All three rows parse correctly — the comma inside "A small, useful device" doesn't split the field, the doubled quotes produce a literal quote, and the multi-line description is preserved as a single string value.

CSV Without Headers

When the CSV has no header row:

utlx

%utlx 1.0
input csv {headers: false}
output json
---
map($input, (row) -> {
  name: row[0],
  age: row[1],
  active: row[2]
})

Without headers, each row is an array of values accessed by index. You assign meaningful names in the transformation.

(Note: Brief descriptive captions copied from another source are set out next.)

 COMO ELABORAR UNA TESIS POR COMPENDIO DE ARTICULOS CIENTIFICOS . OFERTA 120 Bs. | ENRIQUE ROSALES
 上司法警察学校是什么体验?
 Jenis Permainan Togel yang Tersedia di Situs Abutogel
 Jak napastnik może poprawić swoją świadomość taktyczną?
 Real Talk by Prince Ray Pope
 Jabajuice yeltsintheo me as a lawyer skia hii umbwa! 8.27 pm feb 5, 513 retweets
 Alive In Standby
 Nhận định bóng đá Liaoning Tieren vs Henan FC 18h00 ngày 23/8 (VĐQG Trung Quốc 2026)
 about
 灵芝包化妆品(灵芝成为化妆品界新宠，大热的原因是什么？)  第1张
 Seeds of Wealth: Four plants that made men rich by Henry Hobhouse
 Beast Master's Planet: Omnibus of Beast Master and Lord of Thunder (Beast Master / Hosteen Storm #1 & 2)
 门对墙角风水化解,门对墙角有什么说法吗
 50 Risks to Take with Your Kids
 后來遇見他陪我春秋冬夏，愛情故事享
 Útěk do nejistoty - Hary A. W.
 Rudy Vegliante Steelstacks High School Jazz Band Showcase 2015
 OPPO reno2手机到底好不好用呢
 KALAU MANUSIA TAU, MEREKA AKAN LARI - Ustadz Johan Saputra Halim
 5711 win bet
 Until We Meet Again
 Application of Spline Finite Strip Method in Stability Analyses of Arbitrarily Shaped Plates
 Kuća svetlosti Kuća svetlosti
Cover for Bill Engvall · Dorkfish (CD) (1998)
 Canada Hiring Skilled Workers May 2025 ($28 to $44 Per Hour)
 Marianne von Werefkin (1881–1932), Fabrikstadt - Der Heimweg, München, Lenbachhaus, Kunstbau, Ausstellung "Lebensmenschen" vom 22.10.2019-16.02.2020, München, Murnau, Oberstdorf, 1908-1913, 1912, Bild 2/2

Tab-Separated Values (TSV)

utlx

%utlx 1.0
input csv {delimiter: "\t"}
output json
---
$input

Semicolon-Separated (European)

utlx

%utlx 1.0
input csv {delimiter: ";"}
output json
---
map($input, (row) -> {
  product: row.Product,
  price: parseEUNumber(row.Price),
  quantity: toInteger(row.Qty)
})

Writing CSV

JSON to CSV

The transformation result must be an array of objects for proper CSV output. The keys of the first object become the header row:

utlx

%utlx 1.0
input json
output csv
---
map($input.orders, (order) -> {
  orderId: order.id,
  customer: order.customerName,
  total: order.total,
  status: order.status
})

Output:

csv

orderId,customer,total,status
ORD-001,Acme Corp,299.99,CONFIRMED
ORD-002,Globex Inc,150.00,PENDING

Column Ordering

The order of properties in your output object determines the column order in the CSV. This gives you full control:

utlx

// Columns appear in this exact order:
{
  date: row.orderDate,        // column 1
  customer: row.customerName, // column 2
  product: row.productName,   // column 3
  amount: row.total           // column 4
}

Flattening Nested JSON for CSV

CSV is flat — no nesting. To export nested JSON as CSV, you must denormalize. The unnest() function (Chapter 21) automates this, but you can also do it manually:

utlx

%utlx 1.0
input json
output csv
---
flatten(map($input.orders, (order) ->
  map(order.lines, (line) -> {
    orderId: order.id,
    customer: order.customer,
    product: line.product,
    qty: line.qty,
    price: line.price,
    lineTotal: line.qty * line.price
  })
))

Each parent field (orderId, customer) is repeated for every child row — that's denormalization.

CSV with BOM for Excel

See BOM Handling above — use output csv {bom: true}.

Suppressing Headers

utlx

%utlx 1.0
input json
output csv {headers: false}
---
map($input.rows, (row) -> {
  a: row.name,
  b: row.value
})

Output has no header row — just data rows. Useful for appending to existing CSV files or producing fixed-format output.

Common CSV Patterns

Bank Statement Processing (European)

European bank exports use semicolons and comma decimals:

csv

Datum;Omschrijving;Bedrag;Saldo
30-04-2026;Salaris;2.500,00;5.234,56
29-04-2026;Albert Heijn;-45,67;2.734,56
28-04-2026;Hypotheek;-1.200,00;2.780,23

utlx

%utlx 1.0
input csv {delimiter: ";"}
output json
---
map($input, (row) -> {
  date: parseDate(row.Datum, "dd-MM-yyyy"),
  description: row.Omschrijving,
  amount: parseEUNumber(row.Bedrag),
  balance: parseEUNumber(row.Saldo),
  type: if (parseEUNumber(row.Bedrag) >= 0) "credit" else "debit"
})

Log File Processing (Pipe-Delimited)

utlx

%utlx 1.0
input csv {delimiter: "|"}
output json
---
$input
  |> filter((entry) -> entry.Level == "ERROR" || entry.Level == "CRITICAL")
  |> sortBy((entry) -> entry.Timestamp)
  |> map((entry) -> {
    timestamp: entry.Timestamp,
    level: entry.Level,
    message: entry.Message,
    source: entry.Source
  })

CSV Aggregation

Group rows and compute totals:

utlx

%utlx 1.0
input csv
output json
---
let byCategory = groupBy($input, (row) -> row.Category)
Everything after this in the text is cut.